La république de Macédoine a des frontières communes au nord avec la Serbie, soupçonnée de visées expansionnistes, à l’est avec la Bulgarie, qui considère la langue et la culture macédoniennes comme bulgares, au sud avec la Grèce qui récuse à ce pays le droit de porter le nom antique de Macédoine (mais qui par un récent accord, vient d’accepter de lever le blocus économique qu’elle maintenait contre elle), et à l’ouest avec l’Albanie qui soutient les partis albanais de Macédoine. Pays complexe, divers donc, mais dans lequel les disparités, sources de divisions, deviennent des moyens d’unité quand il s’agit de la culture.
Les concerts donnés par Jakov Drenkovski et ses deux musiciens furent justement révélateurs de la richesse de la culture macédonienne mais également de ce phénomène de confluence qui la caractérise.
Ce qui frappe au premier abord, c’est la beauté naturelle des mélodies et de la voix de Drenkovski, pleines parfois d’une mélancolie tout à fait slave.
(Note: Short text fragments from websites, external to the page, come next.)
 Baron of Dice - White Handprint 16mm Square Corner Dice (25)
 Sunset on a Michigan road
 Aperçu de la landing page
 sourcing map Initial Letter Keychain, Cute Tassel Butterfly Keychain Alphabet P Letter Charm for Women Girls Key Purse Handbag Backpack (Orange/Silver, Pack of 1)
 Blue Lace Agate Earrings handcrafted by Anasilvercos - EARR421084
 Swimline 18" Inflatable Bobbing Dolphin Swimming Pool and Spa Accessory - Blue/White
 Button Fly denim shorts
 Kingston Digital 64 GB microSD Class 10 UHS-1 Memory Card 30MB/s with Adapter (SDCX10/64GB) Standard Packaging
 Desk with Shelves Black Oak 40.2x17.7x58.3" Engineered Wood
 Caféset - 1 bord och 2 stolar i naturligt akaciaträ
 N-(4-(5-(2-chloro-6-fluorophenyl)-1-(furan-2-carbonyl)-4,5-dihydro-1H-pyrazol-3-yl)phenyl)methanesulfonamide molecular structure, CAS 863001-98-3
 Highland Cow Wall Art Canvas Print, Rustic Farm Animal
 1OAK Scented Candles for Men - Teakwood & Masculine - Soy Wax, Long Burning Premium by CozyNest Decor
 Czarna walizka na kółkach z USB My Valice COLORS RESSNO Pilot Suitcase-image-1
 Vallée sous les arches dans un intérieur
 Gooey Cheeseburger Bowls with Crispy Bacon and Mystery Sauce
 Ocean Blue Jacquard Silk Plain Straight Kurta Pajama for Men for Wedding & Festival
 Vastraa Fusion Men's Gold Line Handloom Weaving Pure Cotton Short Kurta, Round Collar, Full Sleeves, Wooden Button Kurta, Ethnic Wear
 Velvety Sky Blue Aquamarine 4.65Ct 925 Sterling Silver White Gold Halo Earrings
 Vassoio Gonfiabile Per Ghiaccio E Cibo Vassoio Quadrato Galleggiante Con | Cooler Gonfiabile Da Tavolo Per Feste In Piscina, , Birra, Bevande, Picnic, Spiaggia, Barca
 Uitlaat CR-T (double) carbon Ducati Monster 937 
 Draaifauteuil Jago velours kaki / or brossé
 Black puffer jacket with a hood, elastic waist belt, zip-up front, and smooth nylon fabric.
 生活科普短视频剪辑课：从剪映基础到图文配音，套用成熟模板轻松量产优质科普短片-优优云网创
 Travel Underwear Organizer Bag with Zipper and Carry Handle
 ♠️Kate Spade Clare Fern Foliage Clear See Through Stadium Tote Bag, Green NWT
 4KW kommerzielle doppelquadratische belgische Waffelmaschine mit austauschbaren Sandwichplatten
S’accompagnant lui-même à la guitare, Jakov Drenkovski était également entouré (et c’était la première fois qu’il utilisait cette formule) de Stefce Stojkovski au kaval(3), au tarabuka(4), à la dvojanca(5), à la gajda(6) et à la tambura(7) et de Stepan Stojkovski, père du précédent, jouant du kaval mais également d’un petit tambour frappé avec une baguette.
Jakov Drenkovski nous a présenté des morceaux de sa composition, mais il est également interprête de chants traditionnels. Aussi ses propres créations sont-elles marquées de cette source d’inspiration populaire. L’accompagnement instrumental notamment est très caractéristique. On pourrait diviser en deux les quatre lignes mélodiques des interprètes. Stepan Stojkovski réalisant avec la guitare de Drenkovski une sorte de « basse continue », tandis que la flûte de Stefce Stojkovski et la voix de Jakov forment le chant proprement dit. Stepan joue de longues tenues dans le grave, comme une sorte de « bourdon », héritier en fait de « l’ison » des polyphonies vocales byzantines. L’autre flûte, celle de Stefce, réalise des broderies autour de la voix de Jakov, dans un style d’improvisation aux ornementations orientales : il s’agit en fait d’une technique très fréquente dans les musiques traditionnelles, et pas seulement des Balkans, appelée « hétérophonie », selon laquelle les instruments ou les voix jouent la même mélodie mais avec des variations.
Des instruments traditionnels, mais très répandus dans tous les Balkans, et parfois même au-delà, des techniques musicales héritières de Byzance ou du monde arabo-oriental, le tout reste pourtant typiquement macédonien, car tous ces mondes différents se rejoignent harmonieusement dans le confluent des textes poétiques et du chant de Drenkovski. Celui-ci, bien que célèbre chez lui, n’en demeure pas moins un personnage modeste et attachant. Amoureux de la nature, des montagnes et des lacs de son pays, son plaisir est de vivre au milieu de ses abeilles, et de chanter sa Macédoine. Il ne demande rien d’autre. Un véritable poète qui sait mettre dans sa voix toute l’expression de l’amour de sa terre.
La musique de Drenkovski est comme la culture macédonienne : une musique de confluences qui s’est enrichie des diverses sources qui se mèlent dans les Balkans pour chanter l’âme slave de la Macédoine. Une musique profondément authentique.
La Macédoine est un pays qui mériterait d’être connu, pour sa culture comme pour ses beautés naturelles et les survivances de son histoire. C’est un pays de montagnes, de lacs et de rivières. Un pays qu’il faut aussi préserver, pour que sa culture de confluences demeure vive et créative, et parce que là-bas se trouve peut-être la dernière chance de voir dans cette région un état pluriethnique, une petite Suisse des Balkans.

Didier Schein


Notes :

(1) Tous ces chiffres proviennent du recensement macédonien de 1991.
(2) La langue albanaise n’est pas unie, mais elle est formée de deux dialectes : le tosque, au Sud, et le guègue dans le Nord et au Kosovo.
(3) Kaval : longue flûte en bois répandue dans tous les Balkans et jusqu’en Roumanie.
(4) Tarabuka : sorte de hautbois d’origine hongroise.
(5) Dvojanca : double flûte courte.
(6) Gajda : cornemuse probablement d’origine slovaque.
(7) Tambura : luth d’origine perso-arabe.